After loading you can then easily determine metrics such as accuracy and adversarial accuracy (against a given perturbation radius epsilon). It is also possible to get access to more information about adversarial robustness than just a metric. The model class has three methods for this:

attack_feasibility: Compute for each sample whether or not an adversarial example exists within an radius around it.
attack_distances: Compute for each sample the distance it needs to move to turn into an adversarial example.
adversarial_examples: Generate adversarial examples for each input sample.

These three methods are theoretically listed in order of increasing complexity.

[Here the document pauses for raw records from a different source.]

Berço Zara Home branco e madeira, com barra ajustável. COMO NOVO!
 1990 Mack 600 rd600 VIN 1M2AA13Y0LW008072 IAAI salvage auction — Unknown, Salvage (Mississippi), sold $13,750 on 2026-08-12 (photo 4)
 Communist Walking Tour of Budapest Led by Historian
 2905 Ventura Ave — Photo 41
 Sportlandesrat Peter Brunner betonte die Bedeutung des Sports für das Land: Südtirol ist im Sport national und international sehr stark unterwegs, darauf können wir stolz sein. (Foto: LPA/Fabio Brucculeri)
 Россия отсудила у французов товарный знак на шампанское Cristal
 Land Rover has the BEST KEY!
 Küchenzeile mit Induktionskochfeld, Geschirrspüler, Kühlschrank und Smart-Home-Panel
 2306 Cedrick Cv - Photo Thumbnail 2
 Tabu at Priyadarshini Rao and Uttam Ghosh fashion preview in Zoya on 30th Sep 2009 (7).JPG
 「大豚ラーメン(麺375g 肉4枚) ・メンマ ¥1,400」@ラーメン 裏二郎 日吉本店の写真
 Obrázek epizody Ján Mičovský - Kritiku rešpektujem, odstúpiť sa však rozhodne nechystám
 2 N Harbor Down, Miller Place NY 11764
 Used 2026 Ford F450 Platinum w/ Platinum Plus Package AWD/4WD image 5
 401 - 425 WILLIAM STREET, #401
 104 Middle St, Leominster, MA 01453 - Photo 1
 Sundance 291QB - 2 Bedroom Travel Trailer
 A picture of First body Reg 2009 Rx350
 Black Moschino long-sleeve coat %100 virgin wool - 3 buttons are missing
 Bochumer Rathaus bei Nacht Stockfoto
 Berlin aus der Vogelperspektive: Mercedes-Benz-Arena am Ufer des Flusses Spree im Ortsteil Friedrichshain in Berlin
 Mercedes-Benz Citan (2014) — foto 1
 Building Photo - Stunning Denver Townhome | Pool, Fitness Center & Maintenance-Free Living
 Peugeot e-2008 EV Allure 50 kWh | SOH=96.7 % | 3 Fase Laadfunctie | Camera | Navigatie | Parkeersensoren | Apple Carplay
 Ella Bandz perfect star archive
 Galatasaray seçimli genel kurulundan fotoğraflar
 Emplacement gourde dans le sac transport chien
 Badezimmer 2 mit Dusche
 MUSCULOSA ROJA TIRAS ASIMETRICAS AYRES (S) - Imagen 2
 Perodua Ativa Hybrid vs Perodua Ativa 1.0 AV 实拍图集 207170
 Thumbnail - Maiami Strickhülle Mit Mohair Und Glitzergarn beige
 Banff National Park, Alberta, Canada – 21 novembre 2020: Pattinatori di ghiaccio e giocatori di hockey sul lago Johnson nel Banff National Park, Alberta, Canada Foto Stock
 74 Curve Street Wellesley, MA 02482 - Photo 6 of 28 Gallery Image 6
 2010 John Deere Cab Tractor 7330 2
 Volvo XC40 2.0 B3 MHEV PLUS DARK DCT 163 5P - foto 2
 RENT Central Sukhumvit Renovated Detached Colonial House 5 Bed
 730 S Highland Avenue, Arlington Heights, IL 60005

That means that when you only need to know e.g. attack_feasibility and not attack_distances calling only the first function might be faster than calling the second and computing the 'feasibility' from that. For example for the default 'milp' attack, attack_feasibility is orders of magnitude faster than attack_distances and adversarial_examples.

Example

from sklearn.datasets import load_iris
from sklearn.tree import DecisionTreeClassifier

from groot.toolbox import Model

X, y = load_iris(return_X_y=True)
tree = DecisionTreeClassifier(max_depth=3)
tree.fit(X, y)

model = Model.from_sklearn(tree)
print("Accuracy:", model.accuracy(X, y))

epsilon = 0.3
print("Adversarial accuracy:", model.adversarial_accuracy(X, y, epsilon=epsilon))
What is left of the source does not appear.